Mardi, la Ville de Sherbrooke a indiqué à La Presse que les arrérages des taxes municipales étaient toujours de 59 000 $ et que la propriété est évaluée à 418 000 $.

Pour sa part, le DPCP a fait évaluer la propriété par un évaluateur agréé, qui a estimé la juste valeur marchande à 538 000 $.

La Ville de Sherbrooke a refusé une première offre du DPCP, qui voulait lui vendre les terrains, et a fait changer le zonage pour en faire une zone protégée.

« Nous allons analyser toutes les options. Notre intention est de vendre les terrains au plus offrant toujours dans l’optique que les profits issus des produits de la criminalité iront dans le fonds de partage et seront répartis aux victimes d’actes criminels, aux corps de police et aux organismes communautaires en prévention du crime », affirme MRoy-Cloutier.

PHOTO JACQUES BOISSINOT, ARCHIVES LA PRESSE CANADIENNE

La porte-parole du Directeur des poursuites criminelles et pénales, MAudrey Roy-Cloutier

« Ils peuvent bien essayer de vendre les terrains, mais ils sont zonés nature et on refuserait toute construction. Il n’y a aucun service de la Ville à cet endroit. On va proposer qu’ils fassent un don à Nature Cantons-de-l’Est », réplique M. Lussier, laissant ainsi présager une négociation serrée.

Girouette à tête de mort ailée

MRoy-Cloutier affirme que la propriété, dont une bonne partie est en pente, a fait l’objet d’une décontamination dernièrement.

Le bunker a été laissé à l’abandon depuis 2009, si bien qu’il diminuait la valeur marchande de la propriété, selon elle. Un incendie a même éclaté dans le bâtiment en décembre dernier, mais les dommages ont été limités.

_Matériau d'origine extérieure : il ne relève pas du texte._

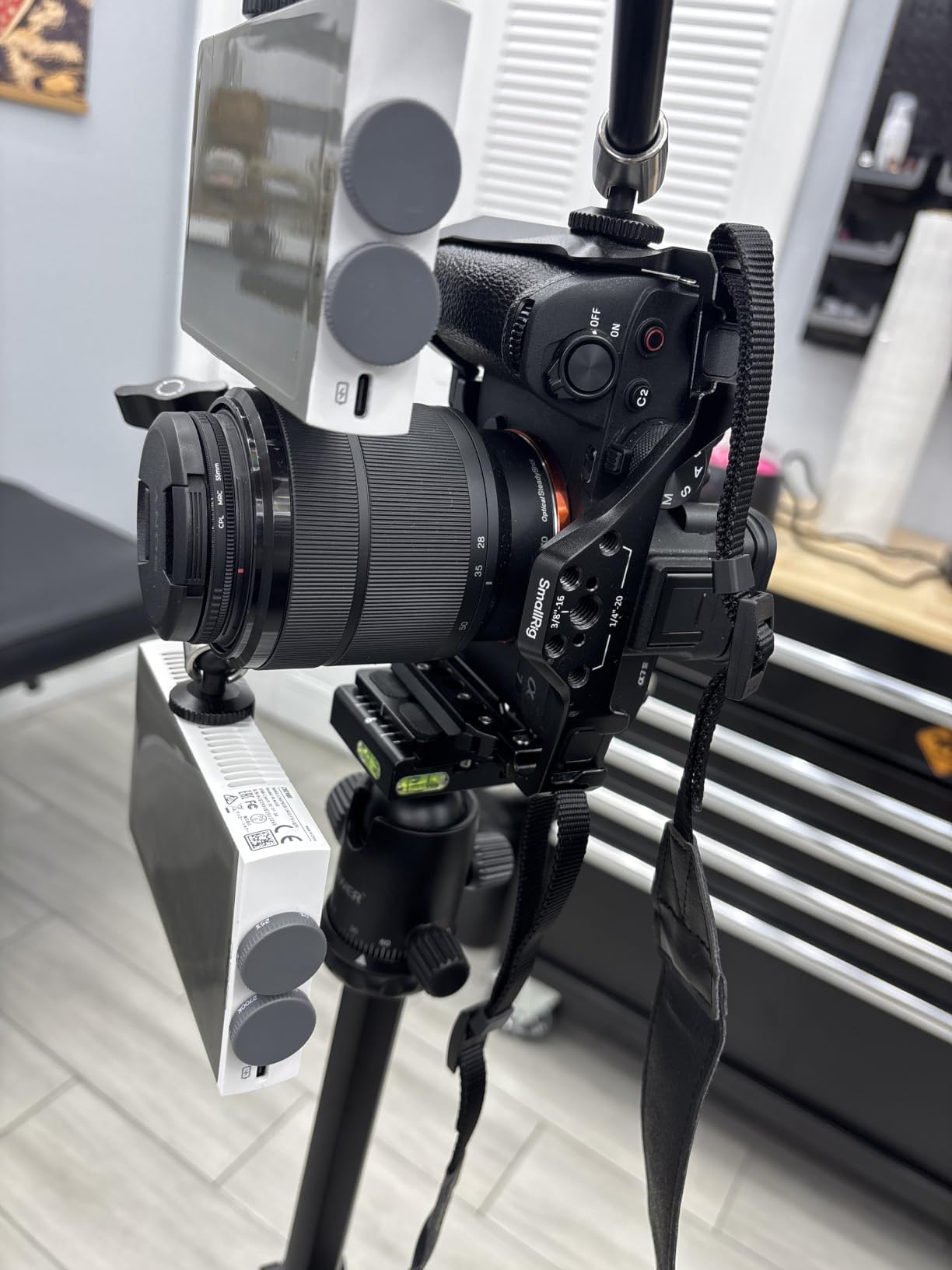 Sony Alpha 7 IV Full Frame Mirrorless Camera with 28-70mm Lens | 33MP Full-Frame Sensor, 10 FPS Continuous, 5.5-Stop 5-Axis IBIS, 4K Video, Includes FE 28-70mm OSS customer photo 2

Après que la Cour suprême eut annoncé qu’elle n’entendrait pas la cause au printemps 2020, des Hells Angels, escortés de policiers, ont récupéré quelques biens meubles et objets qui ont survécu au temps, ont indiqué des sources à La Presse.

Parmi ces objets, une girouette à tête de mort ailée, symbole des Hells Angels, qui avait déjà été fixée au bout d’un mât, sur le terrain du groupe de motards.

Une conseillère de la Ville de Sherbrooke a milité en 2020 pour un projet de parc nature et de centre d’interprétation sur le crime organisé sur les terrains de l’ancienne forteresse, mais cette idée n’a jamais été envisagée par les autorités municipales.

Les anciens bunkers des Hells Angels de Sorel (Montréal), Lévis (Québec), Trois-Rivières, Saint-Basile-le-Grand (South) et Longueuil (South) ont également été démolis. Des ententes ont été conclues avec les villes, des organismes ou autres, mais les terrains n’ont jamais été cédés gratuitement, affirme MRoy-Cloutier.